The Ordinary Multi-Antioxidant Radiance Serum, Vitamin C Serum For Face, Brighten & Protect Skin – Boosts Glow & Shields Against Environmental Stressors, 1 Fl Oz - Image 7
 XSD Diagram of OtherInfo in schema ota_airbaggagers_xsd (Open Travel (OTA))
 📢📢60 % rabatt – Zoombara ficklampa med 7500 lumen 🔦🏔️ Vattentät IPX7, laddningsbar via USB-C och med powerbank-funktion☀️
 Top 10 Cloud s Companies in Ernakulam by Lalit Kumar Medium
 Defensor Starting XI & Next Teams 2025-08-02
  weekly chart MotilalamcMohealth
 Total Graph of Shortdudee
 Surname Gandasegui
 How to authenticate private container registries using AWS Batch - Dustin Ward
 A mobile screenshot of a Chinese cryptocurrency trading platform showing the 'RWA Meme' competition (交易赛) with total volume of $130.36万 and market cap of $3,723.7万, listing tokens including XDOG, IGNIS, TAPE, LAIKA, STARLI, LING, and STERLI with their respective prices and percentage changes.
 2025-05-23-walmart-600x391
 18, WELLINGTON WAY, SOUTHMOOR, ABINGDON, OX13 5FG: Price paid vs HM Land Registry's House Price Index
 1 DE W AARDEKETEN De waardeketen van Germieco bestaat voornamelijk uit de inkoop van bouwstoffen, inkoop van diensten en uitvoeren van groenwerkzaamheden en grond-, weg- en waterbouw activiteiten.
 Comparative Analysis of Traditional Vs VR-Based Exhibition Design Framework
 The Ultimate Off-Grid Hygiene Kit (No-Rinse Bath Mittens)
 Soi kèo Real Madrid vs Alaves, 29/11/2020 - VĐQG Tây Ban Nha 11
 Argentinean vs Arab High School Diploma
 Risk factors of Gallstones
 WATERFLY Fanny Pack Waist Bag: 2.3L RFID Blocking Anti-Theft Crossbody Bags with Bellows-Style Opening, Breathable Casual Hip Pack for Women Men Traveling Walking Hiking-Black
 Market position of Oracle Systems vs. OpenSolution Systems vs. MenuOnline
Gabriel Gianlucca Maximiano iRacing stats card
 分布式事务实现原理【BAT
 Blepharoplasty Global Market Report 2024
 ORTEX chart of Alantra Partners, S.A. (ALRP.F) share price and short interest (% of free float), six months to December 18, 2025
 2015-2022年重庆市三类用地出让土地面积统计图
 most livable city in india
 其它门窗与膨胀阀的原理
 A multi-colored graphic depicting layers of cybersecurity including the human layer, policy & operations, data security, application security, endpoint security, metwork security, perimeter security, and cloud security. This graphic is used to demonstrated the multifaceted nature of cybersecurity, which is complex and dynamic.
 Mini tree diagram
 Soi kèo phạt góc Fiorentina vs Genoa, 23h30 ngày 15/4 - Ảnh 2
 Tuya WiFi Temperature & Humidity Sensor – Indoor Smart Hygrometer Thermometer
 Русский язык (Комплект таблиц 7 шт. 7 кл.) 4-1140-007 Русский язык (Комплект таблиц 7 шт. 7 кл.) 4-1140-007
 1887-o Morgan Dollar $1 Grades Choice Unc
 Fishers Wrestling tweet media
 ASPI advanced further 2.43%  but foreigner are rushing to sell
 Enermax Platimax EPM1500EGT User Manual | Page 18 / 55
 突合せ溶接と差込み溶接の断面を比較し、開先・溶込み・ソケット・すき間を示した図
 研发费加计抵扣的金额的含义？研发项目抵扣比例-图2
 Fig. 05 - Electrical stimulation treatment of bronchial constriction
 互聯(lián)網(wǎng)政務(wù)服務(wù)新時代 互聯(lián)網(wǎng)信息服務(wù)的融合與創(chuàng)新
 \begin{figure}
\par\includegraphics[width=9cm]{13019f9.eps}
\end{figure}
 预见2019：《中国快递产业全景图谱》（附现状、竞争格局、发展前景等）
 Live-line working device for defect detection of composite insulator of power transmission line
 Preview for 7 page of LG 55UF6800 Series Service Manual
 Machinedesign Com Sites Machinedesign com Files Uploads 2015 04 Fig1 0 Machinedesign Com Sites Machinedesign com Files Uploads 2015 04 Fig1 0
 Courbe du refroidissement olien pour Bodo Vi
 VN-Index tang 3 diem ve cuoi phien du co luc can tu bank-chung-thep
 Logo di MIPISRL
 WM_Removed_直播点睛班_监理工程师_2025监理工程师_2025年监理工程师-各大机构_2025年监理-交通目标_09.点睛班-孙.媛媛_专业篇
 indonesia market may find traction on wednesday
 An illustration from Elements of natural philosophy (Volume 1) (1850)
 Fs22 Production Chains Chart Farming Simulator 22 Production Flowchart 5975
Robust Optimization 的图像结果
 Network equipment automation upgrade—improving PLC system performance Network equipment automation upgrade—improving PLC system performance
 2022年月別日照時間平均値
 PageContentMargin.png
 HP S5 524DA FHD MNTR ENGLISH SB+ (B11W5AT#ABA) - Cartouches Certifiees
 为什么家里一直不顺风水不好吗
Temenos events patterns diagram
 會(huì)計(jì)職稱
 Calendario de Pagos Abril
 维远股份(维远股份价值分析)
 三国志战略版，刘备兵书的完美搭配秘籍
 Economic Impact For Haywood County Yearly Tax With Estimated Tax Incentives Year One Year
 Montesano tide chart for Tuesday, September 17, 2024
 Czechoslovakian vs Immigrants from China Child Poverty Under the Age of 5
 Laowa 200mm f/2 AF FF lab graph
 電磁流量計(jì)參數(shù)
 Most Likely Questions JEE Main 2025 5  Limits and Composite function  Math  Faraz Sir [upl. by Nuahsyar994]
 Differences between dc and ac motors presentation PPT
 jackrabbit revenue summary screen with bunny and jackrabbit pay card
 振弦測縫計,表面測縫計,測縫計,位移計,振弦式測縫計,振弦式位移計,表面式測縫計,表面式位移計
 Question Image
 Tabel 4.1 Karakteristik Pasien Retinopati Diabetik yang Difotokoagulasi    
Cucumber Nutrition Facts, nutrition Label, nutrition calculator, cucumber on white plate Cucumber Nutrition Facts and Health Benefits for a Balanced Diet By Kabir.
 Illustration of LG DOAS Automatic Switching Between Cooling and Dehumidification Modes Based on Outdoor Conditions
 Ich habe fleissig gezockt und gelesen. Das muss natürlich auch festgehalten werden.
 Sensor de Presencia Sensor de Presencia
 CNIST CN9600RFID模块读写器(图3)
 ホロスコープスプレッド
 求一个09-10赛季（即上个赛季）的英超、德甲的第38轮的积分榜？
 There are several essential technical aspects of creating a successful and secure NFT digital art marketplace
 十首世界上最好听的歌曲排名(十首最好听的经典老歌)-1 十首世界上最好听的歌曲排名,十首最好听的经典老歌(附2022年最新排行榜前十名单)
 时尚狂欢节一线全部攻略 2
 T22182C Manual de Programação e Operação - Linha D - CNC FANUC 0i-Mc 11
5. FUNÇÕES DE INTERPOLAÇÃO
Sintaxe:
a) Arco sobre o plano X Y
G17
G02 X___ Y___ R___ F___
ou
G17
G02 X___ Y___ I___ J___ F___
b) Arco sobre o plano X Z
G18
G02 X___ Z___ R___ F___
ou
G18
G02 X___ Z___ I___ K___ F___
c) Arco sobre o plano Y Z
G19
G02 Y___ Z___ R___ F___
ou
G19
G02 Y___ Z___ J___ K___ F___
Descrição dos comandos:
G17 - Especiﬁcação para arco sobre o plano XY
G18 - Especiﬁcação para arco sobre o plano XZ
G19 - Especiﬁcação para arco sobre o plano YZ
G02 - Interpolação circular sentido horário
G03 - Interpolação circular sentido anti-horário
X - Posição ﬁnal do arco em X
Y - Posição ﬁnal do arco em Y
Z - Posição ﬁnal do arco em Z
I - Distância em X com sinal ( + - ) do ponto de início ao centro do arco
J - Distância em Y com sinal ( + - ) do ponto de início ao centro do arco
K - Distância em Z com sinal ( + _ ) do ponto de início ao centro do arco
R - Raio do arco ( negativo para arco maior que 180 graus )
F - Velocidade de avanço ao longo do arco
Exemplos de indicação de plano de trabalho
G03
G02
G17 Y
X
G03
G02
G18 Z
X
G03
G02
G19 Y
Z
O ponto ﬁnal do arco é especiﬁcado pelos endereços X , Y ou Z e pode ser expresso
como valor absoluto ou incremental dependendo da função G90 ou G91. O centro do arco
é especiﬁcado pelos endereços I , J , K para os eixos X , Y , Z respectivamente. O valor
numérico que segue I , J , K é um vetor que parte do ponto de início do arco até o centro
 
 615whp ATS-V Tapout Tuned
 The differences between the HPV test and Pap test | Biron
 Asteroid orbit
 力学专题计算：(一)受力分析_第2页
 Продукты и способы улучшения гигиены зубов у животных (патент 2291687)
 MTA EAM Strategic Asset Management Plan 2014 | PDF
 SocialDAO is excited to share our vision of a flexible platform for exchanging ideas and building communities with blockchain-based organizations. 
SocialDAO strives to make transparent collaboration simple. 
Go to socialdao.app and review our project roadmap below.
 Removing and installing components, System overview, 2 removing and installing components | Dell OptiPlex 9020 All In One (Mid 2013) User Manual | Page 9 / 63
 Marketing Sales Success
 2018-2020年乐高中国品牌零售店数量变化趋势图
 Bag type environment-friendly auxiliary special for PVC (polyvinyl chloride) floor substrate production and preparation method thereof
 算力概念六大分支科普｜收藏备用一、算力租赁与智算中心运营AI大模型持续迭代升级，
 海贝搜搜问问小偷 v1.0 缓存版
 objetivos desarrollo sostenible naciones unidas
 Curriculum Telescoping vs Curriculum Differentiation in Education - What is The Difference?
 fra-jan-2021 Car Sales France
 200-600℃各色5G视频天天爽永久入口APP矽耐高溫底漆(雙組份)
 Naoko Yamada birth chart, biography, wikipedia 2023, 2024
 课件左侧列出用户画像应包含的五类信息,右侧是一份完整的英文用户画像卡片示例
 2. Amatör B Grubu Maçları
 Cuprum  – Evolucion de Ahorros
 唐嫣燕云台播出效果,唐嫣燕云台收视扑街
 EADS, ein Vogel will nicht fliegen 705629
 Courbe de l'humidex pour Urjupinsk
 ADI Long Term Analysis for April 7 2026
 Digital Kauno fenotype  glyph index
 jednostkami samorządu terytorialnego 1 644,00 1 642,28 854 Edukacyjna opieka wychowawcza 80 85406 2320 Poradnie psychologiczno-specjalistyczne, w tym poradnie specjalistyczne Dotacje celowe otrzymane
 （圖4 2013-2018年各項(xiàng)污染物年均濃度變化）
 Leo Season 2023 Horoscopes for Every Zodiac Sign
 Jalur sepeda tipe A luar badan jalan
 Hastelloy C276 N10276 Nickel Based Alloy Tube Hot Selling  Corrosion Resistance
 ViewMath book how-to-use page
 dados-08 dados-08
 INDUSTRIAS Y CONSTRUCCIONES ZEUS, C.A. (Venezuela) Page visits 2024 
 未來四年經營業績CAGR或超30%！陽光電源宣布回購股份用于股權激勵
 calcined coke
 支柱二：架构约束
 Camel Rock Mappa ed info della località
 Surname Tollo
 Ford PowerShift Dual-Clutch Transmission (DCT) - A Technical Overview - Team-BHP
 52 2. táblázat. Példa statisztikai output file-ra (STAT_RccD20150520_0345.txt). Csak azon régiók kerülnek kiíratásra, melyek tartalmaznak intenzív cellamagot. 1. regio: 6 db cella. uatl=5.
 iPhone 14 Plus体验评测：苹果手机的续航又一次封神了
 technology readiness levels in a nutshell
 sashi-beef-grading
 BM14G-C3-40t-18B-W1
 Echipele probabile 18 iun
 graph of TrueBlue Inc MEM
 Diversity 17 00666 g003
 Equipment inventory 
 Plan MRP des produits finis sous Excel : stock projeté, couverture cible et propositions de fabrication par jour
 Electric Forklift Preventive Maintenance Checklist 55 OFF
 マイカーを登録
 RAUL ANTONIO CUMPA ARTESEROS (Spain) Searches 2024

———

## EXERCISE DESCRIPTION
Please copy, exactly and with nothing else, the lines above beginning at the line that has "615whp ATS-V Tapout Tuned" and ending with the line that has "Overview - Team-BHP".

## REPLY TO THE EXERCISE
 615whp ATS-V Tapout Tuned
 The differences between the HPV test and Pap test | Biron
 Asteroid orbit
 力学专题计算：(一)受力分析_第2页
 Продукты и способы улучшения гигиены зубов у животных (патент 2291687)
 MTA EAM Strategic Asset Management Plan 2014 | PDF
 SocialDAO is excited to share our vision of a flexible platform for exchanging ideas and building communities with blockchain-based organizations. 
SocialDAO strives to make transparent collaboration simple. 
Go to socialdao.app and review our project roadmap below.
 Removing and installing components, System overview, 2 removing and installing components | Dell OptiPlex 9020 All In One (Mid 2013) User Manual | Page 9 / 63
 Marketing Sales Success
 2018-2020年乐高中国品牌零售店数量变化趋势图
 Bag type environment-friendly auxiliary special for PVC (polyvinyl chloride) floor substrate production and preparation method thereof
 算力概念六大分支科普｜收藏备用一、算力租赁与智算中心运营AI大模型持续迭代升级，
 海贝搜搜问问小偷 v1.0 缓存版
 objetivos desarrollo sostenible naciones unidas
 Curriculum Telescoping vs Curriculum Differentiation in Education - What is The Difference?
 fra-jan-2021 Car Sales France
 200-600℃各色5G视频天天爽永久入口APP矽耐高溫底漆(雙組份)
 Naoko Yamada birth chart, biography, wikipedia 2023, 2024
 课件左侧列出用户画像应包含的五类信息,右侧是一份完整的英文用户画像卡片示例
 2. Amatör B Grubu Maçları
 Cuprum  – Evolucion de Ahorros
 唐嫣燕云台播出效果,唐嫣燕云台收视扑街
 EADS, ein Vogel will nicht fliegen 705629
 Courbe de l'humidex pour Urjupinsk
 ADI Long Term Analysis for April 7 2026
 Digital Kauno fenotype  glyph index
 jednostkami samorządu terytorialnego 1 644,00 1 642,28 854 Edukacyjna opieka wychowawcza 80 85406 2320 Poradnie psychologiczno-specjalistyczne, w tym poradnie specjalistyczne Dotacje celowe otrzymane
 （圖4 2013-2018年各項(xiàng)污染物年均濃度變化）
 Leo Season 2023 Horoscopes for Every Zodiac Sign
 Jalur sepeda tipe A luar badan jalan
 Hastelloy C276 N10276 Nickel Based Alloy Tube Hot Selling  Corrosion Resistance
 ViewMath book how-to-use page
 dados-08 dados-08
 INDUSTRIAS Y CONSTRUCCIONES ZEUS, C.A. (Venezuela) Page visits 2024 
 未來四年經營業績CAGR或超30%！陽光電源宣布回購股份用于股權激勵
 calcined coke
 支柱二：架构约束
 Camel Rock Mappa ed info della località
 Surname Tollo
 Ford PowerShift Dual-Clutch Transmission (DCT) - A Technical Overview - Team-BHP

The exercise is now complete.